The custom of carrying banners goes back a long way in County Clare. There is little doubt but that the Dal gCais carried banners at the battle of Clontarf in 1014 or that the Clare Dragoons carried banners at Fontenoy in 1745 and in the many battles fought by the Clare Regiments on the continent during the eighteenth century. However, the name 'the banner county' would appear to be of far more recent origin. In the last century as population of the county became more politicized the custom of carrying banners to political meetings became widespread. Thus many banners welcomed Daniel O'Connell at the Clare election of 1828 and the freeholders of the county marched behind banners to the Ennis courthouse to cast their votes for O'Connell on that occasion.

In Ennis most trade guilds had their own banners: bakers, butchers, brogue makers, coopers, nailers, dyers, masons, harness makers, cartwrights, stone cutters etc. all competed to produce the most handsome of banners. At the inaugeration of the O'Connell monument in Ennis in 1865 thirteen different guilds carried banners, each representing the attributes of their particular trade. That this represented a long tradition in the town is not in doubt since, on that occasion, the brogue makers' guild carried a flag that had first been unfurled in 1726.

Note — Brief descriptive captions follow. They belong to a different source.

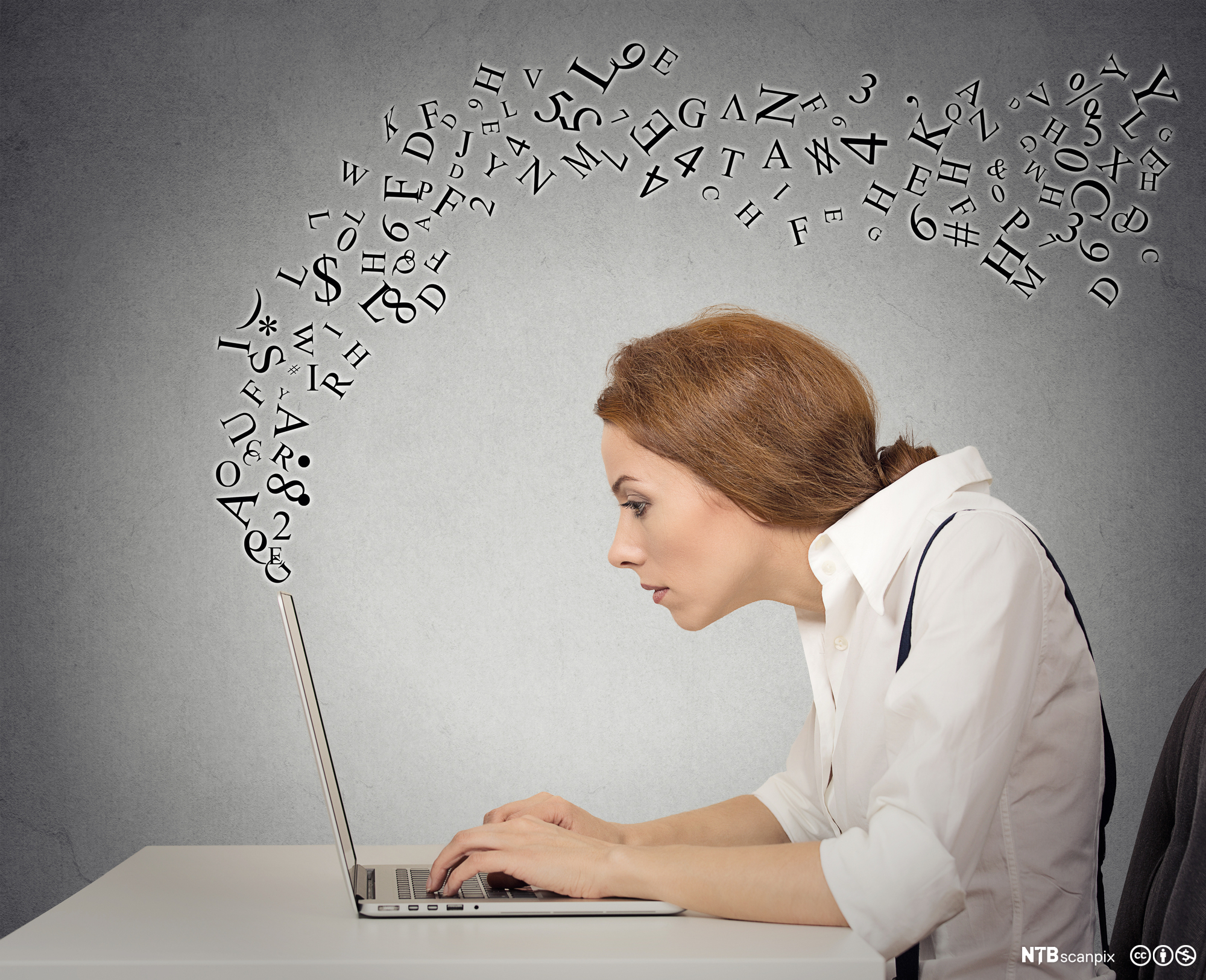 A woman is typing on her computer while letters fly around her. Photo.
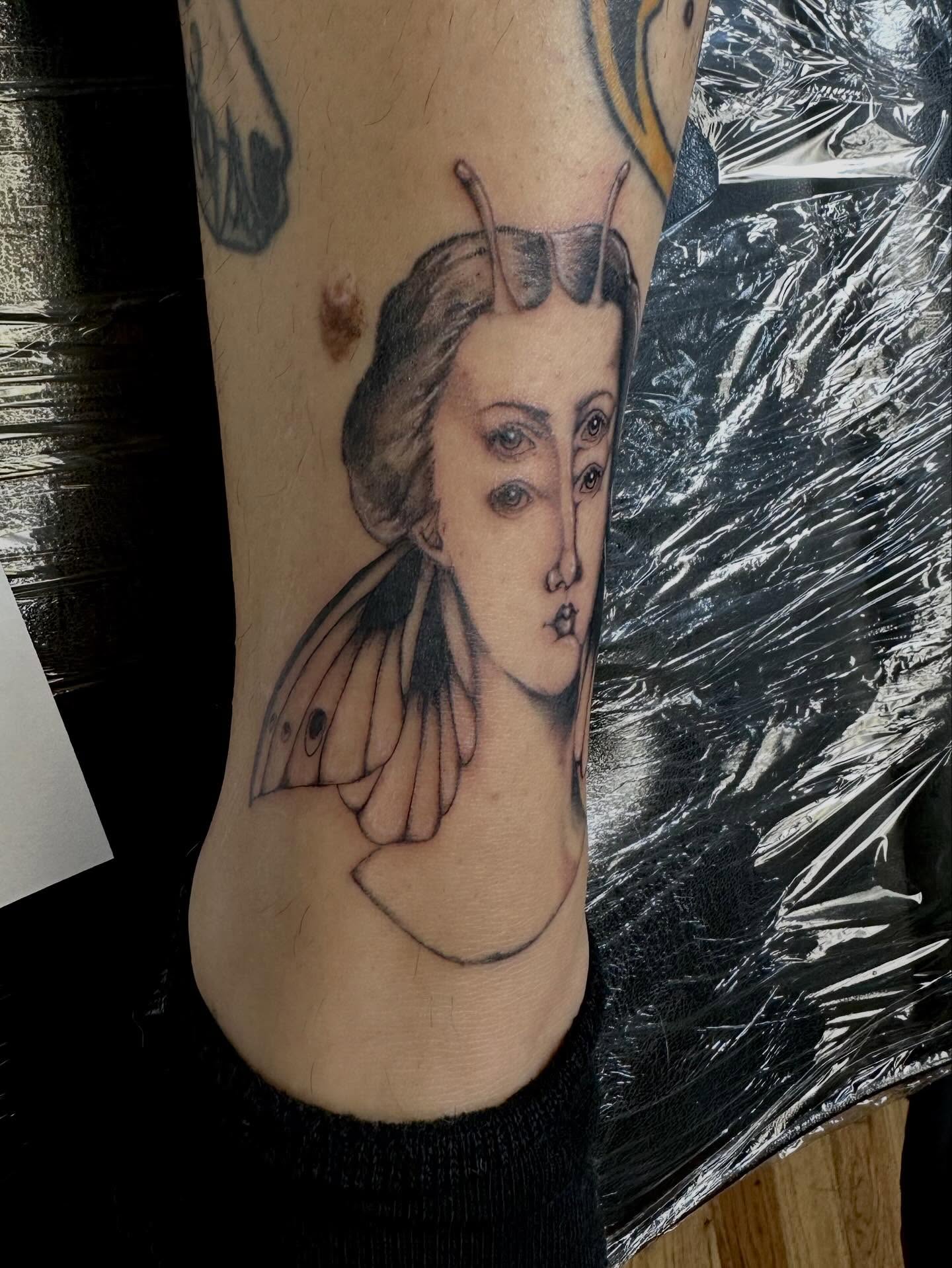 Woman with butterfly wings realism tattoo on the forearm by Marie Novotny, Lakewood, Ohio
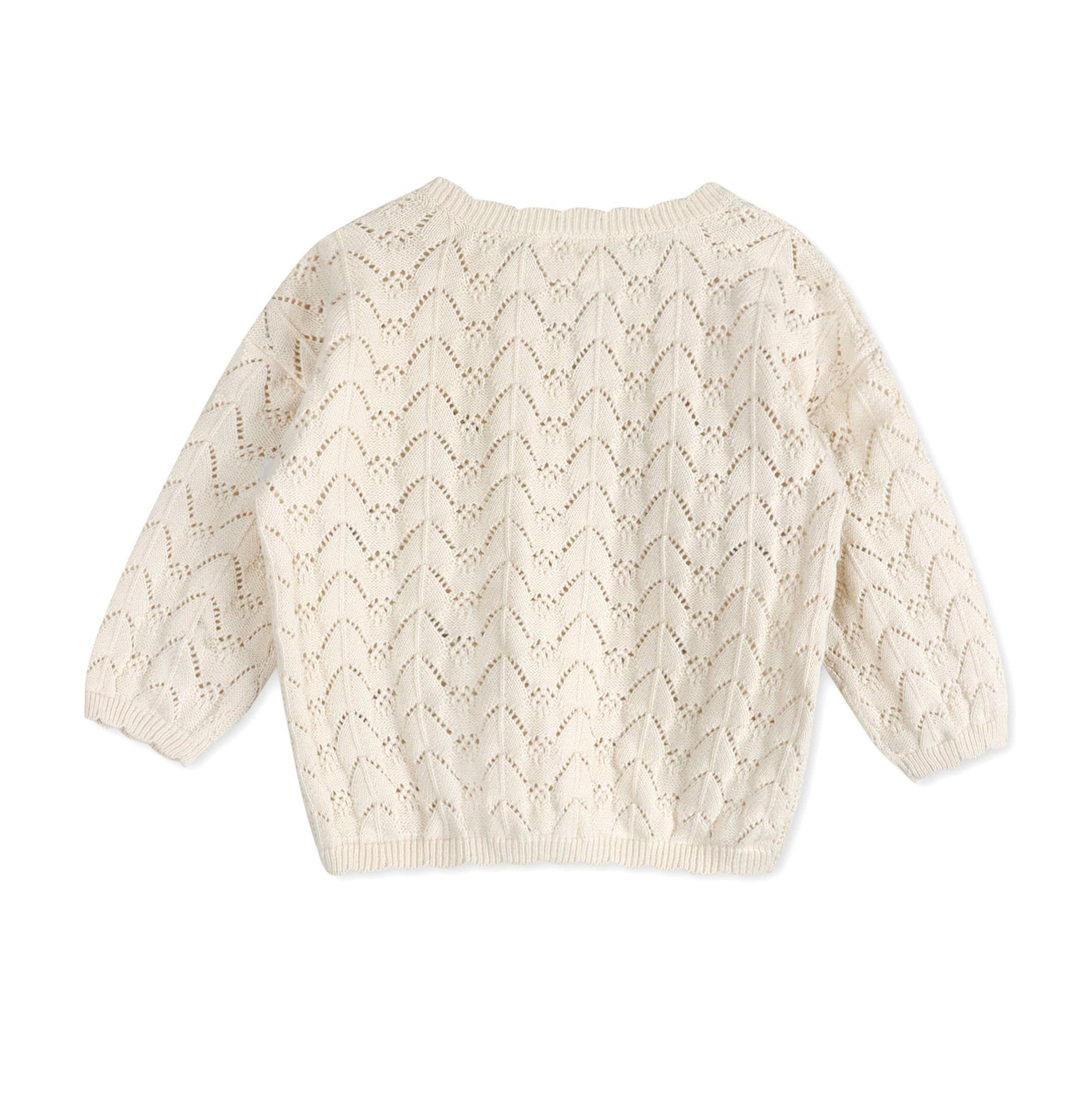 Back of cream-colored knitted sweater on a white background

My own great grandfather, Brian Daly, was the custodian of the Ennis coopers' banner and parts of the banner are still retained by the family. The coopers' banner was not of the two pole variety that one usually sees today but was carried on a long single pole, topped by a small barrel; the banner itself hung down like a picture from a horizontal staff stretched across the top of the pole. I can recall as a child seeing the banner which was then much injured by time; it was a rusted red colour and carried the inscription 'Hearts of Oak'. This banner along with many others were carried along the streets to greet the various dignitaries that visited the town in the late nineteenth and early twentieth centuries. Politicians like Parnell and de Valera were greeted by hosts of banners. It is easy to see then in the political excitement of the times how the county acquired the name 'the banner county'. The reason the name stuck with Clare, I would suggest, was that custom of greeting politicians with banners, particularly at election time, survived longer in Clare than in other counties. The Parnellite and de Valera eras coincided with the rise of the GAA and the name soon transferred to the county's hurling and football teams.